If $|\vec a|=12$ and $|\vec b|=4\sqrt 3$ and $\vec b.\vec c=24$ , then find $|(\vec a \times \vec b) +(\vec c \times \vec a)|$ Let $\Delta PQR$ be a triangle. Let $\vec a = \vec {QR}, \vec b = \vec {RP}$ and $\vec c = \vec {PQ}$. If $|\vec a|=12$ and $|\vec b|=4\sqrt 3$ and $\vec b.\vec c=24$ , then find $|(\vec a \times \vec b) +(\vec c \times \vec a)|$
Actually this is an easy problem but I realised it only later. I am looking for a variety of solutions. Thank you .
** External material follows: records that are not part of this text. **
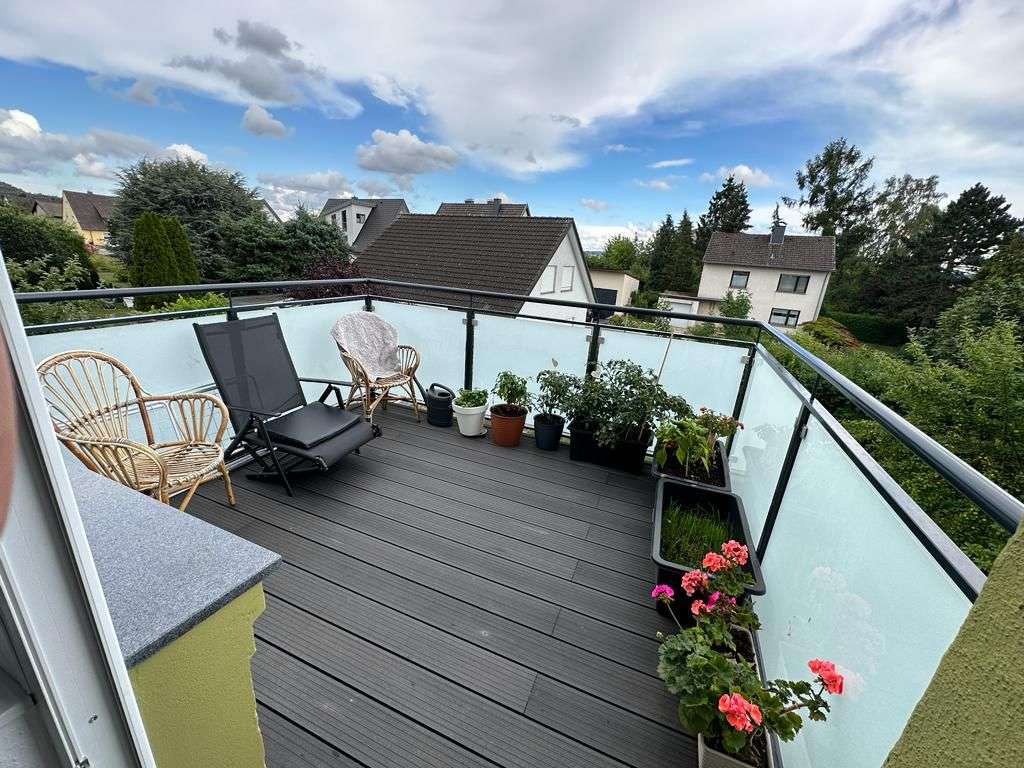 Immobilie in Warburg - Schönes Zweifamilienhaus (Energieklasse A) mit angrenzendem Baugrundstück in Warburg - Bild 3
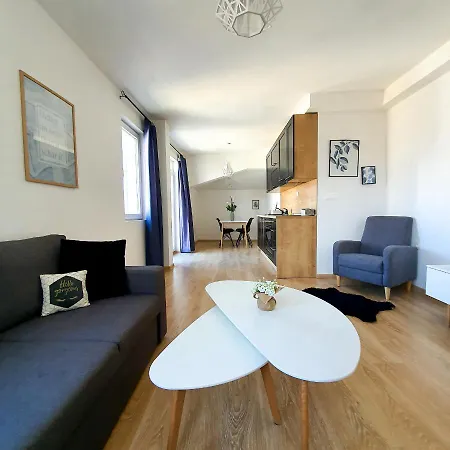 High Esteta Deluxe Apartment Burgas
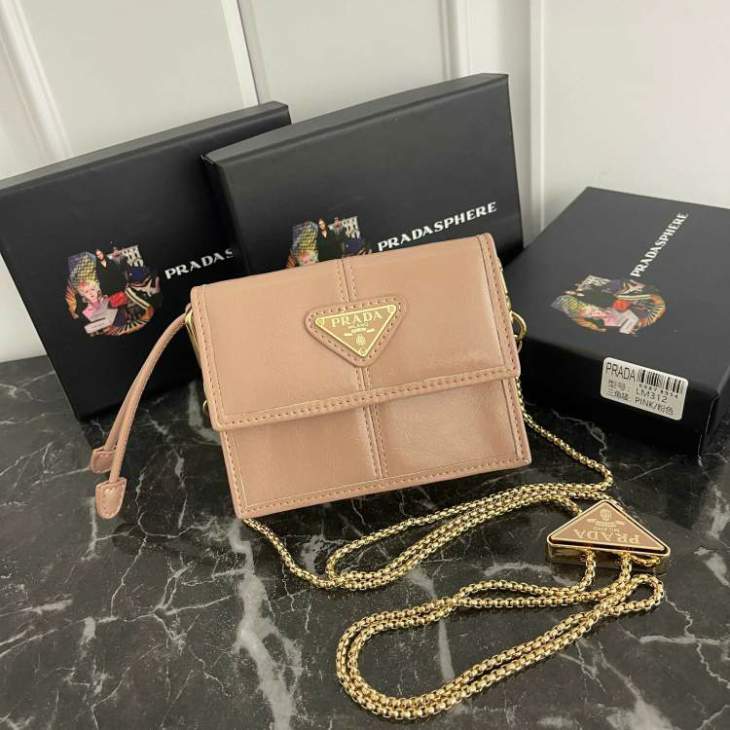 Picture of Prada Wallets _SKUfw207314791fw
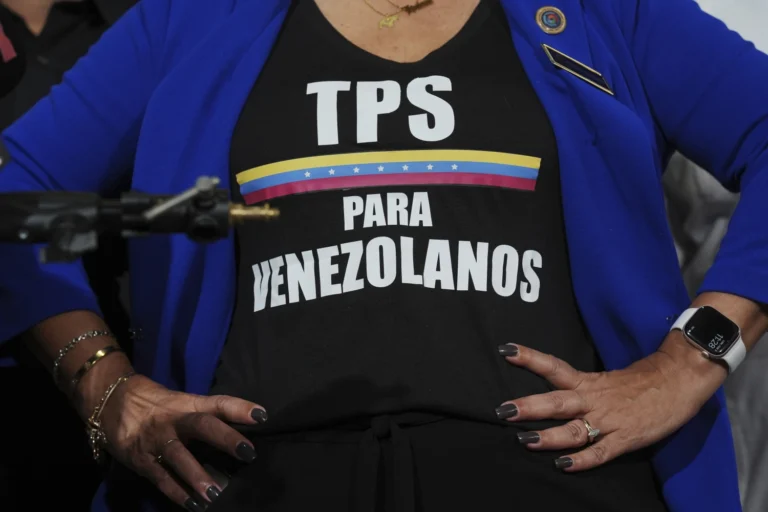 Justicia de EE. UU. impide cancelación del TPS para migrantes de Venezuela y Haití 5 AP25034761175751 3a7d3c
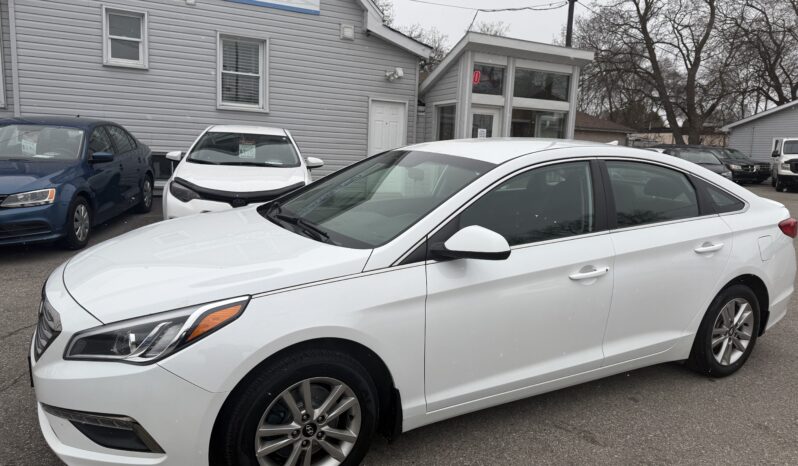2017 HYUNDAI SONATA 2.4L GL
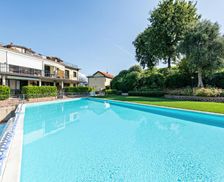 Italy Lombardy Manerba del Garda vacation rental compare prices direct by owner 28520079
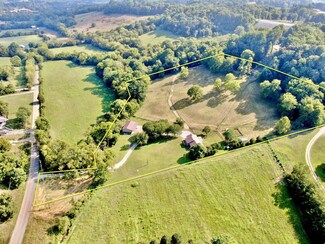 2909 Fly Rd, Santa Fe, TN 38482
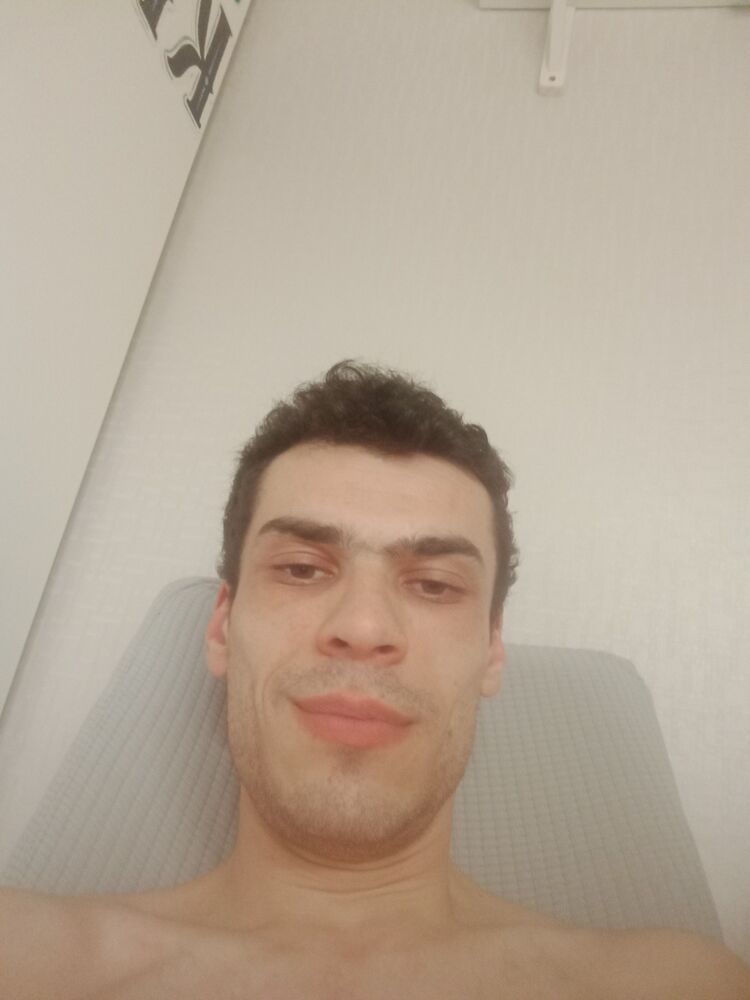  42248970  Robert, 28 ,    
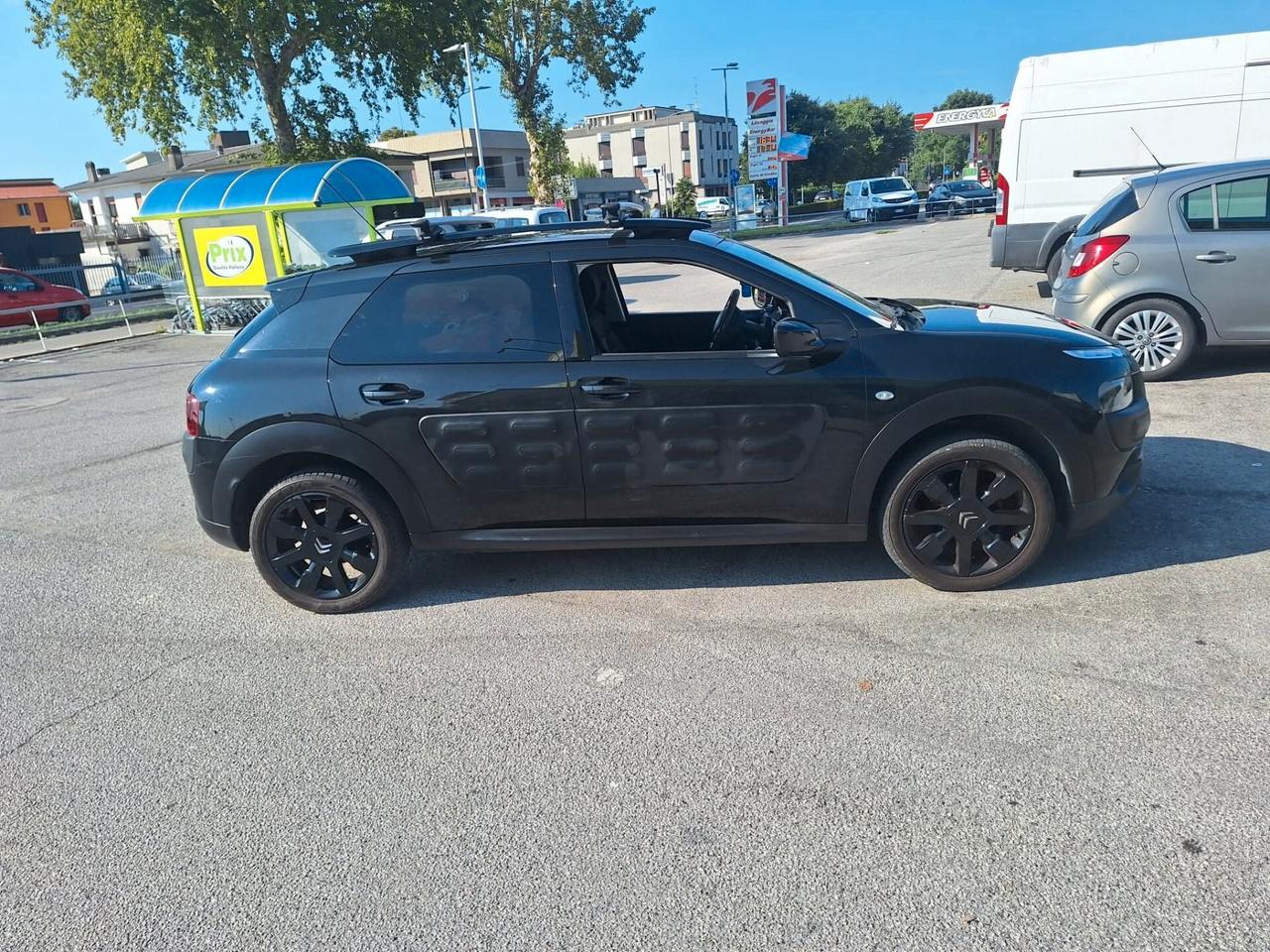 Citroen C4 Cactus BlueHDi 100 S&S Shine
I think the simplest solution is by first using the triangle equality.
 A: Hint: $|\vec{a}\times \vec{b} + \vec{c}\times \vec{a}|= |\vec{a}\times \vec{b}-\vec{a}\times \vec{c}|=|\vec{a}\times(\vec{b}-\vec{c})|$. But first use the law of cosine to find $|\vec{a}|^2 = |\vec{b}|^2+|\vec{c}|^2+ 2bc\cos(P)=|\vec{b}|^2+|\vec{c}|^2+2\vec{b}\cdot \vec{c}\Rightarrow 144 = 48+ |\vec{c}|^2 +48\Rightarrow |\vec{c}| = 4\sqrt{3}$. Also, using the identity: $|\vec{b}-\vec{c}|^2+|\vec{b}+\vec{c}|^2 = 2(|\vec{b}|^2+|\vec{c}|^2)\Rightarrow |\vec{b}-\vec{c}|^2 + |\vec{a}|^2 = 2(|\vec{b}|^2+|\vec{c}|^2)$. From this you can find $|\vec{b}-\vec{c}|$,and the angle between $\vec{a}$,and $\vec{b}-\vec{c}$ using the parallelogram $PQRS$. You should be done in few steps. Also $\triangle PQR$ is now isosceles.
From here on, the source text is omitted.